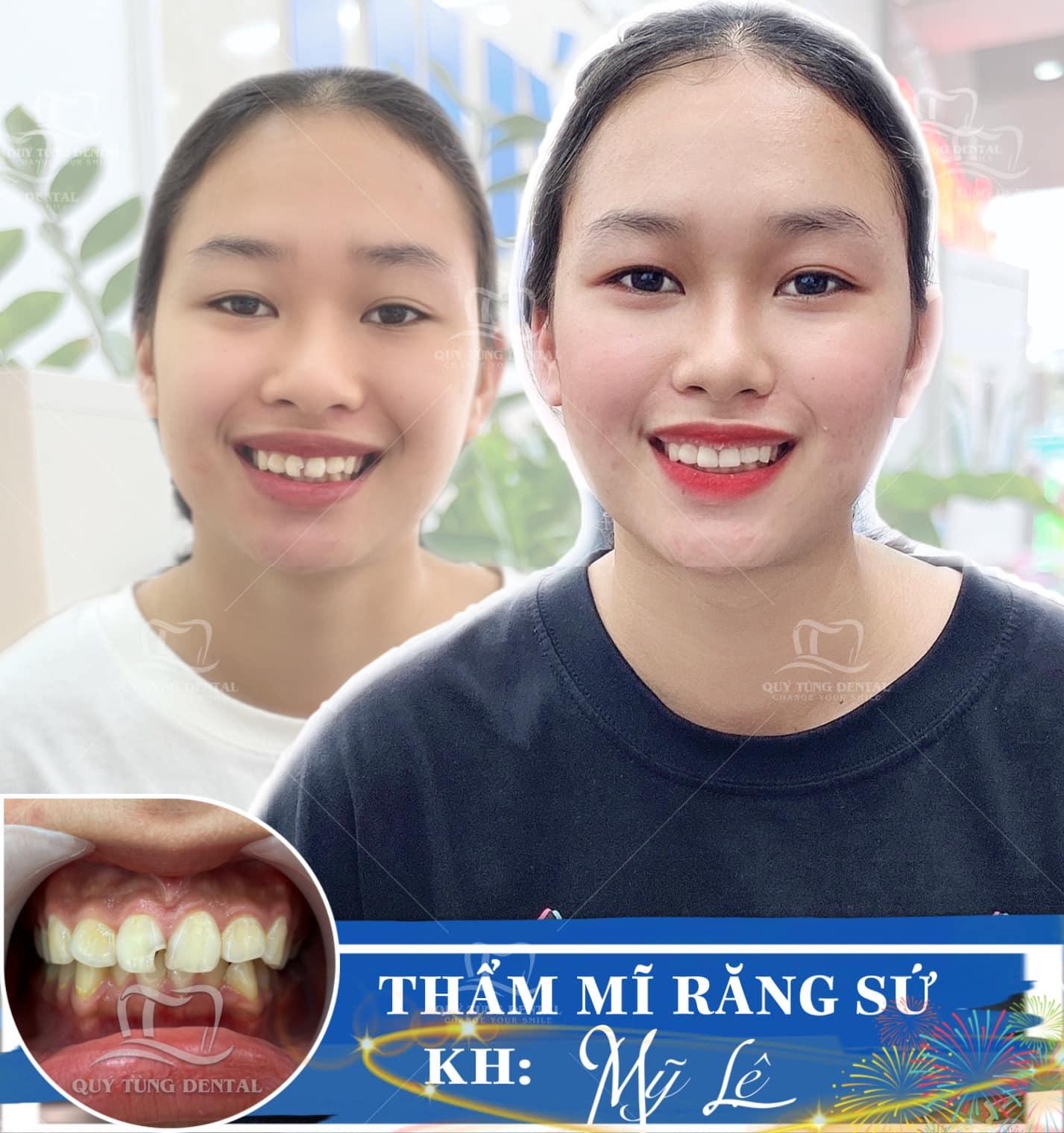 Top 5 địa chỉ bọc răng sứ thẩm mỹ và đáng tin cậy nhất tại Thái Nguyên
• • •
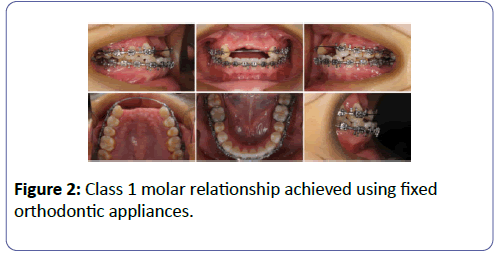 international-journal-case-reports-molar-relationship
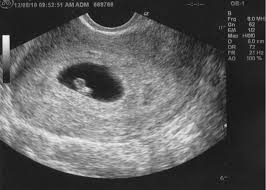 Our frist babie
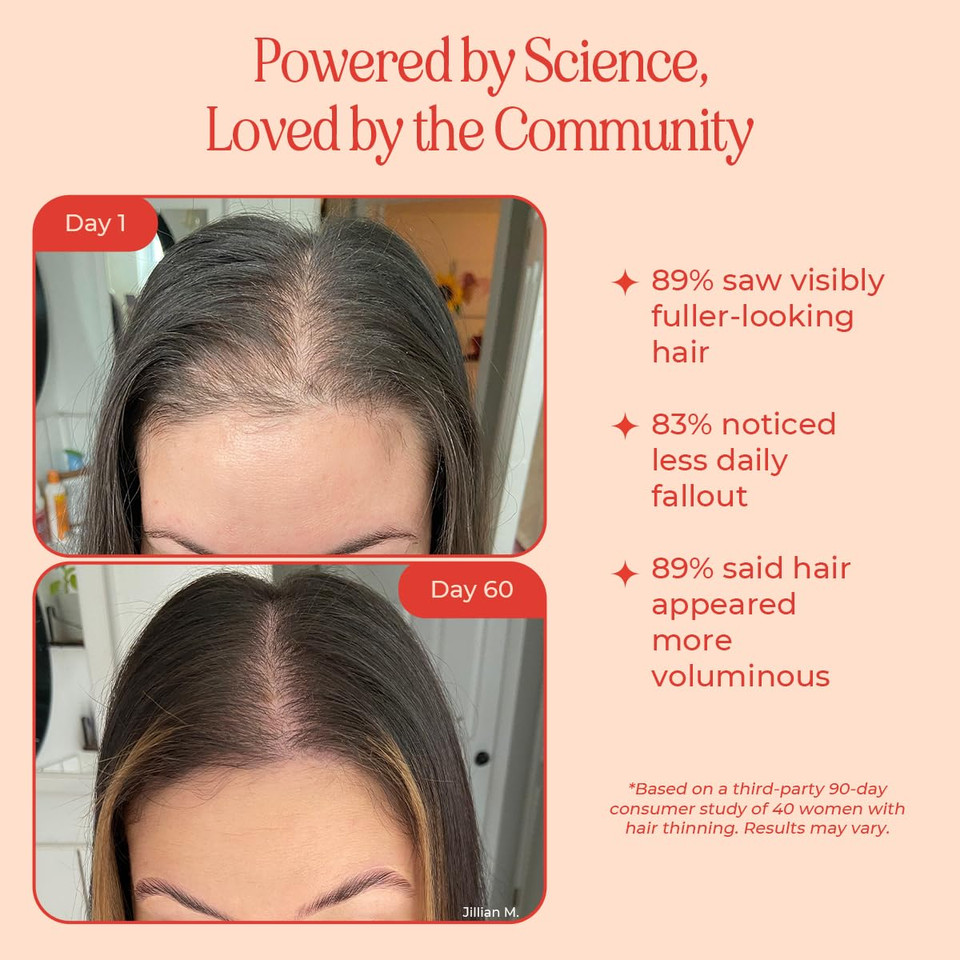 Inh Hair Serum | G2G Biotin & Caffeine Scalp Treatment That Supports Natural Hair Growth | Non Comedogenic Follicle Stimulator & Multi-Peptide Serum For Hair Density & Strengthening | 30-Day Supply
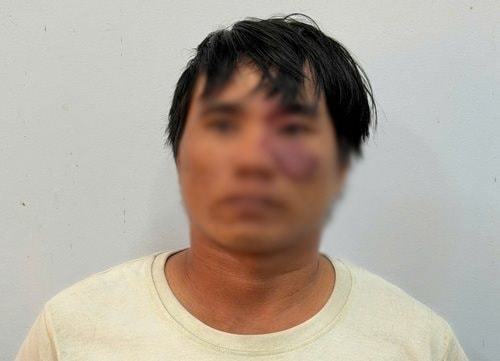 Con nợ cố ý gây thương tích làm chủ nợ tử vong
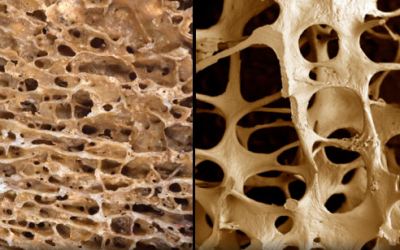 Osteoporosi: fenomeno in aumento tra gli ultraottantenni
• • •
Prompt
Give back exactly, and solely, the section of the data above bounded by the line containing "Inh Hair Serum" and the line containing "Osteoporosi: fenomeno in", both bounding lines included and pictures omitted.

Task solution
 Inh Hair Serum | G2G Biotin & Caffeine Scalp Treatment That Supports Natural Hair Growth | Non Comedogenic Follicle Stimulator & Multi-Peptide Serum For Hair Density & Strengthening | 30-Day Supply
 Con nợ cố ý gây thương tích làm chủ nợ tử vong
 Osteoporosi: fenomeno in aumento tra gli ultraottantenni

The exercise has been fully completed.